The context: IDF operations in Gaza since October 2000

The result of the house demolitions has been to create a buffer zone that stretches from Rafah passenger terminal in the east down to the Mediterranean coast. It is several kilometers in length and in places up to 200 metres deep. (See map).

Source: Office for the Coordination of Humanitarian Affairs, original map (PDF)

UNRWA calculates that of 14,852 people made homeless since October 2000 by IDF house demolition, two-thirds are from Rafah. In October 2003 alone, the IDF demolished 189 homes in Rafah camp. Fifteen people were killed and 1780 individuals were made homeless in the October operation.

Options for those made homeless by IDF action

Some of those made homeless by IDF operations move into smaller units, which in most cases are insufficient for the size of the family. Others have migrated northwards in search of accommodation, or — in exceptional cases - moved into abandoned dwellings adjacent to the buffer zone that were left by other families fearful that their homes would be targeted.

An increasing number of families whose homes were destroyed are relying on tents for shelter. Tents are being provided by UNRWA and ICRC. In the month from 21 December, the ICRC supplied 243 families in Rafah with tents.

These families are also increasingly dependent on aid agencies for food.
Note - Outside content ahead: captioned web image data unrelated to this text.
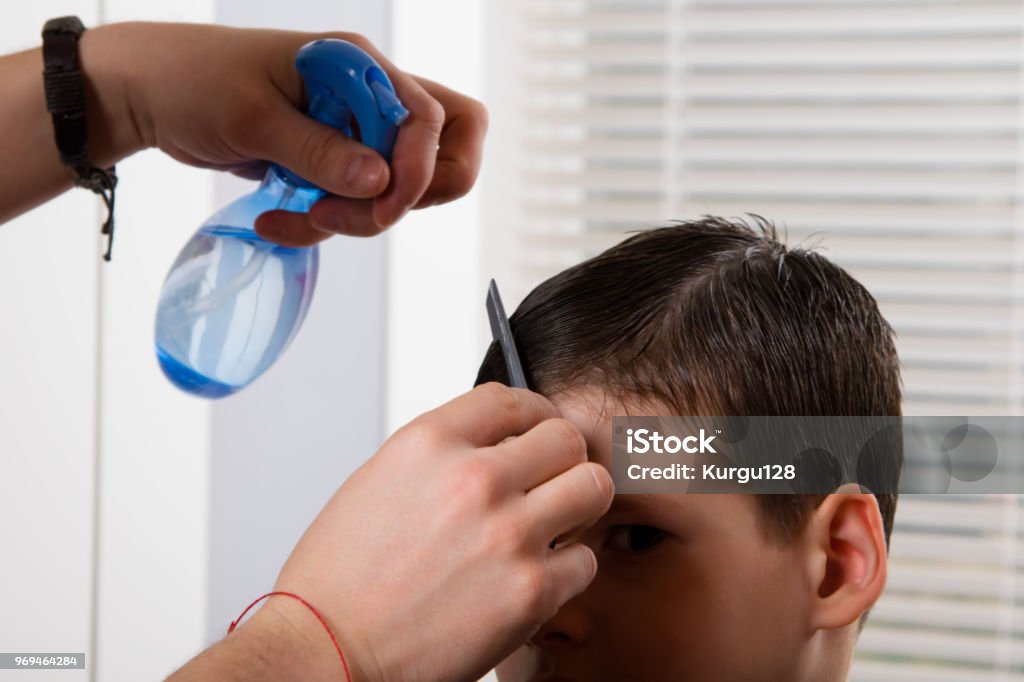 the hairdresser to the boy moisturizes his hair with a spray of water and makes a hairdo Adult Stock Photo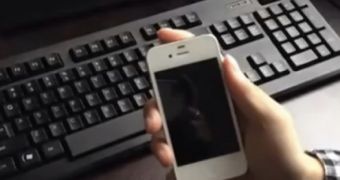 White iPhone against black keyboard background
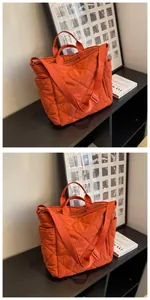 Detail of bright orange quilted tote bag with diamond stitching and adjustable strap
Because of growing needs in Rafah, the World Food Programme has increased its programme of assistance to provide food for 5026 families in Rafah, compared with 3472 in August 2003.

UNRWA appeal for immediate assistance

UNRWA will be unable to re-build on the sites where the original homes have been destroyed; and available land is scarce. It has launched an appeal for funds to enable it to build new shelters for homeless refugees in Gaza. Before the latest round of demolitions, UNRWA estimated that it would cost US$25 million to re-house all the refugees who have lost their homes.2

Israeli house demolitions and International Humanitarian Law

A number of international legal provisions are relevant to the recent IDF operation in Gaza:


Under the Fourth Geneva Convention, an occupying power may take measures to protect the security of the area, including limited destruction of property when “rendered absolutely necessary by military operations”. However, Article 147 includes as a grave breach of the Convention “Extensive destruction … not justified by military necessity”.
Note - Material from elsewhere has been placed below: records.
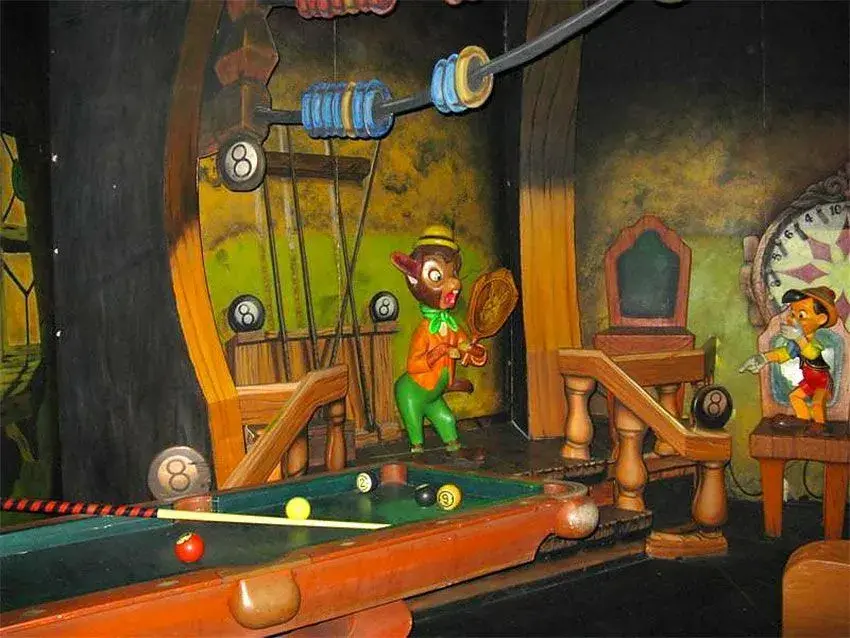 Escena con personajes temáticos y una mesa de billar dentro de la atracción Les Voyages de Pinocchio en Disneyland Paris
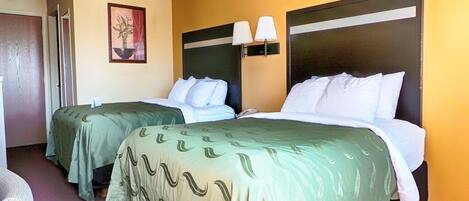 A hotel room with two beds, each with a green bedspread and white pillows. There is a wall-mounted lamp above each bed.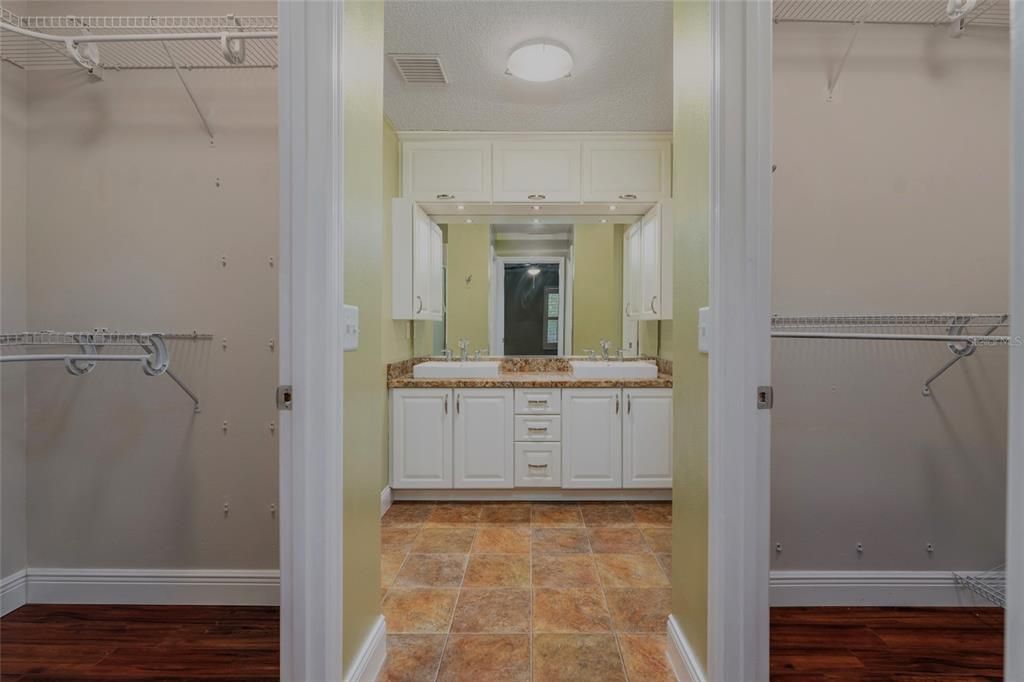 ENTRY TO PRIMARY BATHROOM AND TWO WALK IN CLOSETS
Articles 51 and 57 of the Convention also prohibit “incidental loss of civilian life, injury to civilians, damage to civilian objects, or a combination thereof, which would be excessive in relation to the concrete and direct military advantage anticipated.”

Peter Hansen, Commissioner General of UNRWA, has described the latest demolitions as “a hugely disproportionate military response”. 3

Prohibition of collective punishment

Article 33 of the Fourth Geneva Convention states that “No protected person may be punished for an offence he or she has not personally committed. Collective penalties and likewise all measures of intimidation … are prohibited … Reprisals against protected persons and their property are prohibited.”

On 22 January, Peter Hansen said that Palestinians affected by the demolition policy could “hardly be blamed if they have come to believe that they are the victims of collective punishment.”